The discretionary part comes from the fact that the owner of the file can decide on the access rights to the file. Even if the file wasn't executable at first, the user could easily assign the proper permission set to the file:
user $
chmod o+x /path/to/script
On a multi-user system, a user will be able to share whatever resources he has access to with the other users, as well as enable any action (such as writing to or executing the files). All he needs to do is to open up the rights to these resources for other users (or if they all share the same group, to the group owner). And although the example of "sharing" files is a simple one, it can go further than that. In some enterprises, access to particular software on a system is governed through the group membership. Developers might be assigned a developer group, allowing them access to the system compiler. But once a developer can access the compiler, he can easily also copy all compiler files into his own directory and share that directory with other, non-developer users who can then call the compiler as well.
The discretionary part of the Linux permission system goes further than just users. Services too, such as the Apache web server, can decide how they open up their resources. And although it might not be by design, a malfunctioning service might expose sensitive data to users through this aspect.
Mandatory access control
With a mandatory access control, the permissions are not governed by the owner of the resource, nor can they be worked around by users. Instead, they are set in stone by the security administrator. In SELinux, this is done through the SELinux policy that is loaded at the start of the system.

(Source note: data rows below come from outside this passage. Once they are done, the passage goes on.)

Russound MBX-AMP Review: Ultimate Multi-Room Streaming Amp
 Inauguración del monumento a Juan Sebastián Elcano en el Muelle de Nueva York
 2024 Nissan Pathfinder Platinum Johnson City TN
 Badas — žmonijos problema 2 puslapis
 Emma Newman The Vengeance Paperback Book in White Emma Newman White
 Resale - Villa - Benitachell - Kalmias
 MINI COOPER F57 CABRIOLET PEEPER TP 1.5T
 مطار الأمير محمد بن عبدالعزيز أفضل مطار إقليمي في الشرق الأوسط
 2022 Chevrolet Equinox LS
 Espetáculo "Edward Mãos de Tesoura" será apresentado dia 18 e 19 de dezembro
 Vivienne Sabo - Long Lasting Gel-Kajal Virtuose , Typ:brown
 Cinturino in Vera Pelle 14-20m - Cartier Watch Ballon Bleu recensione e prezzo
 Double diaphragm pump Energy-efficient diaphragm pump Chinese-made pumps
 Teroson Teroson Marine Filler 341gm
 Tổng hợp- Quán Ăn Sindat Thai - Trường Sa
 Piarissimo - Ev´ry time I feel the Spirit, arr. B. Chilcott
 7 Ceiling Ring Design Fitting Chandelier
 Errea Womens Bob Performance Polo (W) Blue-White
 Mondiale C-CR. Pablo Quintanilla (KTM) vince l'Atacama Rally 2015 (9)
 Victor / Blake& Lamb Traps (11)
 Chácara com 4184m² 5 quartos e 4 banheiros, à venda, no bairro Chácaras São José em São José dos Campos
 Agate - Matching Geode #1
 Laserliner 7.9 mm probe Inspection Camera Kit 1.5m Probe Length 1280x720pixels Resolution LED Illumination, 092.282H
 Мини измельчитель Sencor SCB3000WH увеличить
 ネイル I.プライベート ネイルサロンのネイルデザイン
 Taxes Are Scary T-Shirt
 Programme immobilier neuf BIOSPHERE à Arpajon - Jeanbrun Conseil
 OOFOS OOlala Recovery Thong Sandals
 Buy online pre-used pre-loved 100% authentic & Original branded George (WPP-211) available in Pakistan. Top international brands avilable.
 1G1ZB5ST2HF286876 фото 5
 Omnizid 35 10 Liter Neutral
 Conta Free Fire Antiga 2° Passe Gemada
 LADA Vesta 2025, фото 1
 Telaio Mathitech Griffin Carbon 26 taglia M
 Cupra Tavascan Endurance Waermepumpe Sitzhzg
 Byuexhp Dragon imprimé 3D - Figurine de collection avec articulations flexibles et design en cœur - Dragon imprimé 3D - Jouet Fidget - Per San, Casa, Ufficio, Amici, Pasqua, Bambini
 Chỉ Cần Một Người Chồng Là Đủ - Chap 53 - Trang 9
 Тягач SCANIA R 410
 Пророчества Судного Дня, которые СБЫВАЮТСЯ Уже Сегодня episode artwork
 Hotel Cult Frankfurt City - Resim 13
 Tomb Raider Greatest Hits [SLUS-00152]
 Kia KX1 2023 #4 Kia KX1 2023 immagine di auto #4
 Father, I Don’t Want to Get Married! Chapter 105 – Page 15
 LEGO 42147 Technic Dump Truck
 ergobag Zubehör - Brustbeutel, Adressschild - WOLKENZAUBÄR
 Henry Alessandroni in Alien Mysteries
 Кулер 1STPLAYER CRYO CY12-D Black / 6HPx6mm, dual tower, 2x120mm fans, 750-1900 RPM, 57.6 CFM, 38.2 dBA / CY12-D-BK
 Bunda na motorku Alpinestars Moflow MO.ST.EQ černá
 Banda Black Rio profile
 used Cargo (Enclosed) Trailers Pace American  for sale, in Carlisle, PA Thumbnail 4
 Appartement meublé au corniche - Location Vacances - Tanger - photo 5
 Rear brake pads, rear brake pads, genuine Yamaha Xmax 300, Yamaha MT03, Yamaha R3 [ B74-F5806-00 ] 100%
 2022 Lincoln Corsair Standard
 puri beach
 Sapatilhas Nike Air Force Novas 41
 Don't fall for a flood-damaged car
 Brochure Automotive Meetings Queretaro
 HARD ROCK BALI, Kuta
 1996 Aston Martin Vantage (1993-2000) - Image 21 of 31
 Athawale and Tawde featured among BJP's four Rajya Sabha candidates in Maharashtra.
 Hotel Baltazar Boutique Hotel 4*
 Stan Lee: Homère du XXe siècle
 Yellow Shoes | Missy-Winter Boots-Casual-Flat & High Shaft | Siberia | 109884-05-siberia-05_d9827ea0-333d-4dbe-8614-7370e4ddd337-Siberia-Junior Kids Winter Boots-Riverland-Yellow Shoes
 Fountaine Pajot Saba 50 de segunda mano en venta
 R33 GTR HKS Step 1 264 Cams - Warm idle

The interaction shown is still the same, but an additional set of components is added: the SELinux subsystem (running in the Linux kernel) and the policy.
SELinux security subsystem
SELinux is a security subsystem that works inside the Linux kernel. It uses Linux Security Modules (LSM) hooks provided by the Linux kernel developers to intercept any call and check if the call is allowed or not. If it is, then the activity can go through. Otherwise, a Permission Denied error is returned to the system and a denial message is sent to the audit subsystem. This way, administrators can investigate denials (as they usually reflect unwanted behavior being exerted on the system) and rest assured that security rules cannot be worked around.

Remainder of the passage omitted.